After visiting an old university friend of mine in Leeds the night before, we boarded the first train of the day out to Gargrave. As we did so, a steady stream of rain poured down and I pulled on my new (and extremely cheap and naff) waterproof trousers ready for setting off.
Over the course of the morning we walked along one of the Pennine Way's more gentle and less boggy sections, passed a dead sheep, and arrived in Malham around lunchtime absolutely soaked to the bone. Sitting in the hikers bar of the Buck Inn we watched as our sodden clothing slowly dried out and as the rain began to clear.
The next day was drier and we headed on through the lovely Yorkshire Dales to Horton-in-Ribblesdale, and had a cup of tea at the Pen-y-ghent Café which has an amazing collection of Pennine Way signing in books.
The next day, all of a sudden, the weather changed massively; bright sunshine everywhere as we left the Pennine Way and strolled on a lengthy hike around two of the large peaks that dominate the local area - Whernside and Ingleborough.
It was glorious; some of the finest walking I'd ever done, and as we headed back to London the next day (aided by the joys of a rail replacement bus service) I remember distinctly saying one thing.
"I wouldn't mind doing more of the Pennine Way."
That statement was uttered five years ago today.
Suddenly a switch in my brain turned on. A few day walks in the South East hadn't done much (probably the main reason I didn't mind those Time Out walks was cos we got to go to the pub for lunch) but up in the Yorkshire Dales I became addicted.
Ever since, I've been making up for lost time. We did a walking holiday in France that summer, and did some more of the Pennine Way that autumn and the following spring (we wouldn't finish it until August 2010 though.) The West Highland Way was completed in 2009; the Coast to Coast in 2010. And also in 2009 I did my first solo trek - the Cumbria Way.
The Glyndwrs Way, Southern Upland Way, Ridgeway, Dales Way, Clarendon Way and the South Downs Way are all done, and the North Downs Way and Limestone Way are in progress. I've wild camped, stayed in bothies and commenced the slow process of trying to do all the Wainwrights.
Maybe if my first bit of Pennine Way had been some boggy hell hole rather than the luscious green fields of Gargrave, things would have been different. But it wasn't, and even heavy rain and appallingly naff waterproofs didn't do enough to deter me.

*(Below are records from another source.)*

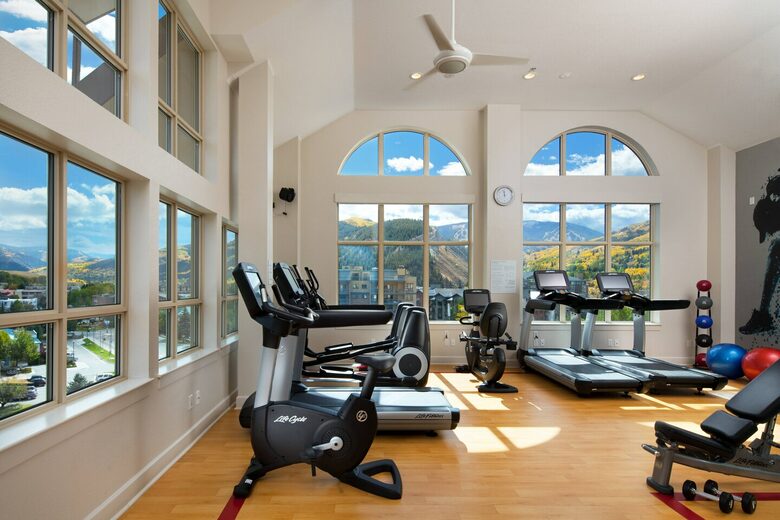Sheraton Mountain Vista - Avon, Colorado
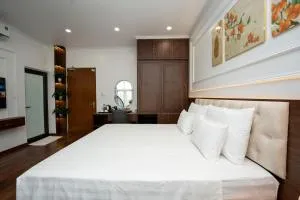 AZOMA hotel - Dai Mo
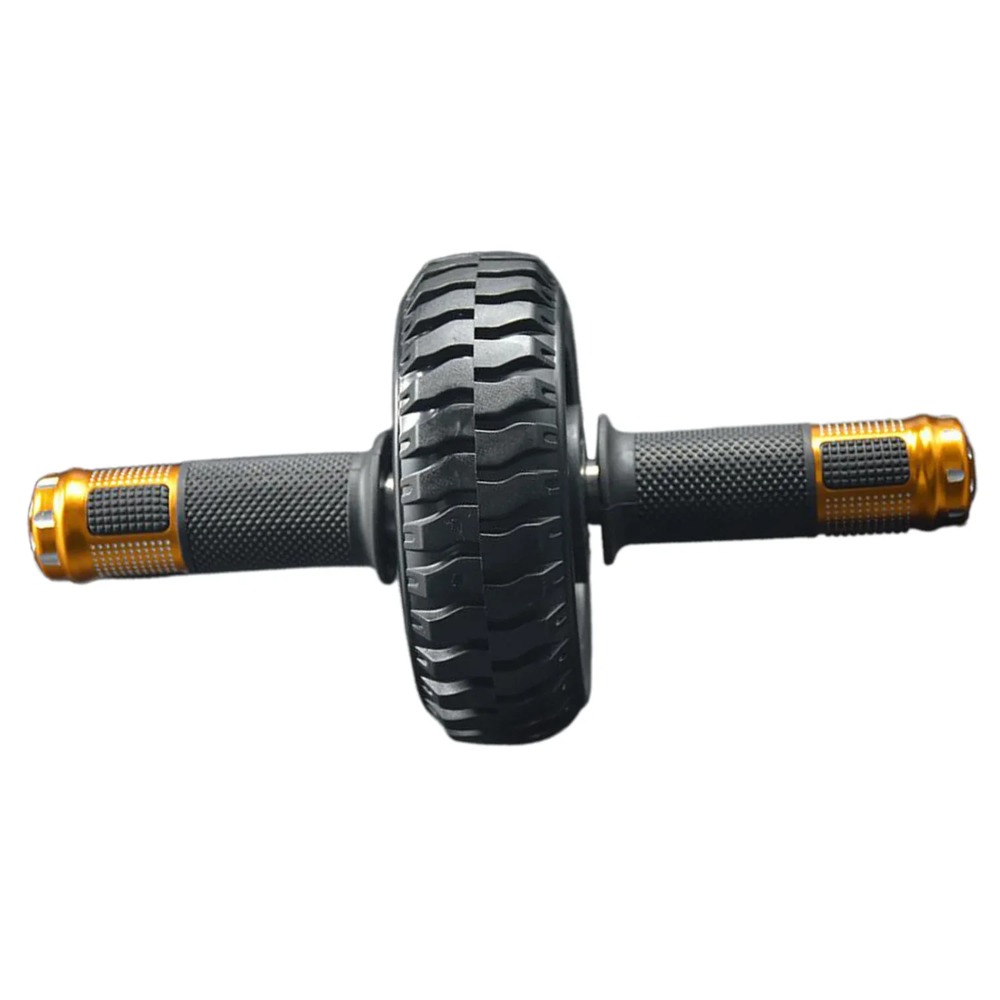 Ergonomic Grip Abdominal Worko - Ab Wheel Roller review and price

And the Yorkshire Dales is still one of my favourite places in Britain. I went back twice in 2010, walking the Coast to Coast and the Dales Way. It's a wonderful part of the world that means a lot to me. And not just for the wonderful views, but also for what it did. It spurred me on to enjoy the UK's stunning countryside. It ignited a desire to get the boots on and get walking, and that flame has been burning ever since.